WSMJ
- Cave City, Kentucky; United States;
- Broadcast area: Glasgow, Kentucky; Mammoth Cave area;
- Frequency: 800 kHz

Programming
- Format: Adult contemporary

Ownership
- Owner: Twin City Broadcasting (1974–1981); Rick Dubrose (1981–1984); Newberry Broadcasting (1984–1988); Murray Communications, Inc. (1988–1991) (final);

History
- First air date: May 23, 1975
- Last air date: 1991
- Former call signs: WKVE (1974–1984)

Technical information
- Power: 500 watts

= WSMJ (AM) =

Radio station in Cave City, Kentucky (1975–1991)

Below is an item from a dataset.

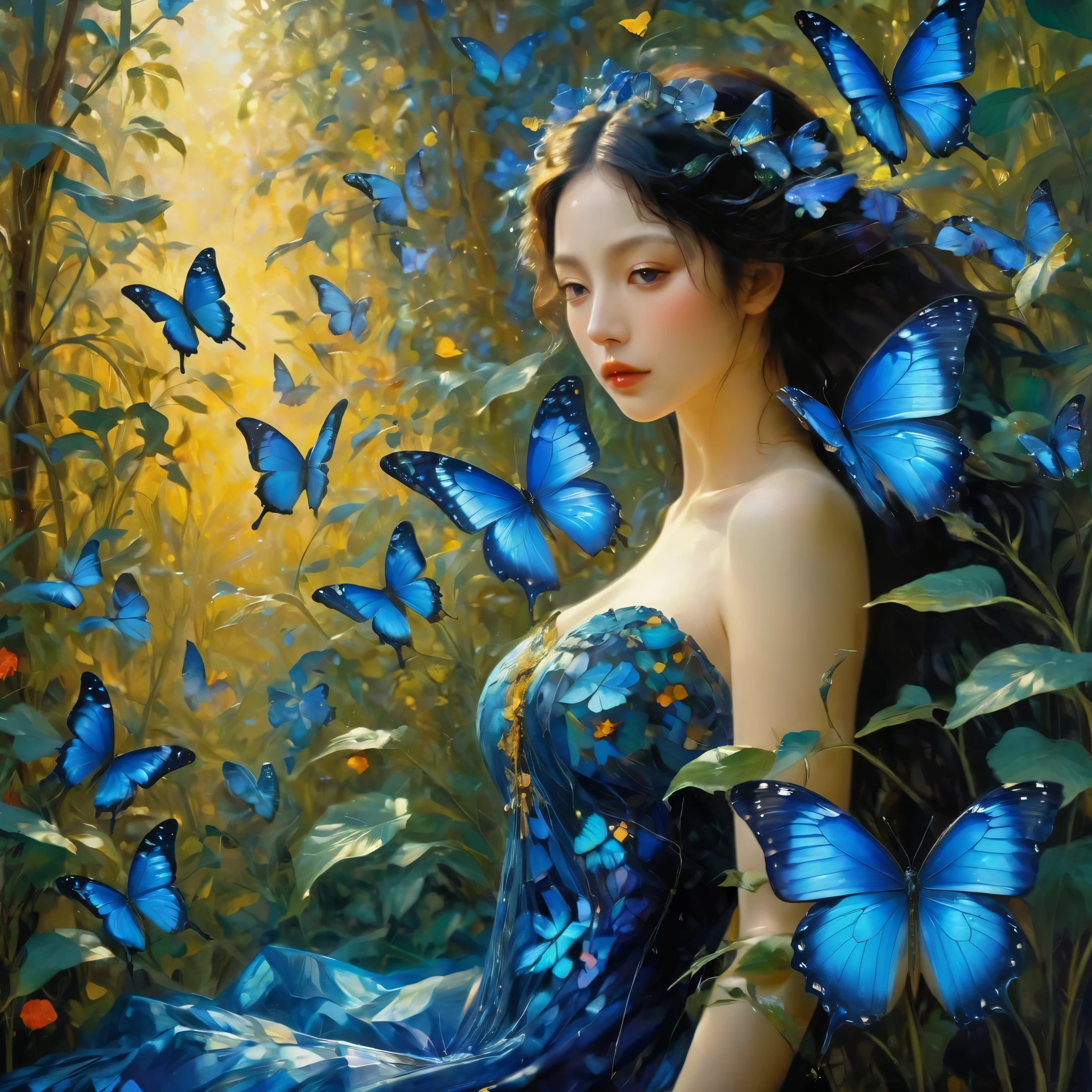 blue butterfly，  Flying in the vegetation,  epic ，  Otherworldly ，Awesome ，Clever use of light and shadow，Adds depth and drama to the scene., Bringing the audience into an elegant narrative. This masterpiece, Created by the famous painter Gustav Klimt, Delve deep into the realms of fantasy and mythology, Inviting viewers to explore the complexity of beauty, strength, ，Fantasy，plant，Flowers，ezh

WSMJ was a radio station that was broadcast at 800 kHz. Licensed to Cave City, Kentucky, United States, the station served Glasgow and the Caveland region of south central Kentucky. The station was last owned by Murray Communications.

==History==
The first application with the Federal Communications Commission (FCC) by Twin City Broadcasting was filed in December 1974. The station began broadcasting as WKVE on May 23, 1975, under Twin City ownership. The station, which was first managed by former WBGN assistant manager/staff announcer Barry Williams, originally transmitted from a tower on the southern outskirts of Cave City along U.S. Route 31W. Evidence from old radio-and-TV-hobbyist publications dating from the 1970s to 1984 show that WKVE was broadcasting a Top-40 format. Throughout its life, the station also utilized some programming from ABC Radio. It was originally a daytime-only station that broadcast at a power of 250 watts.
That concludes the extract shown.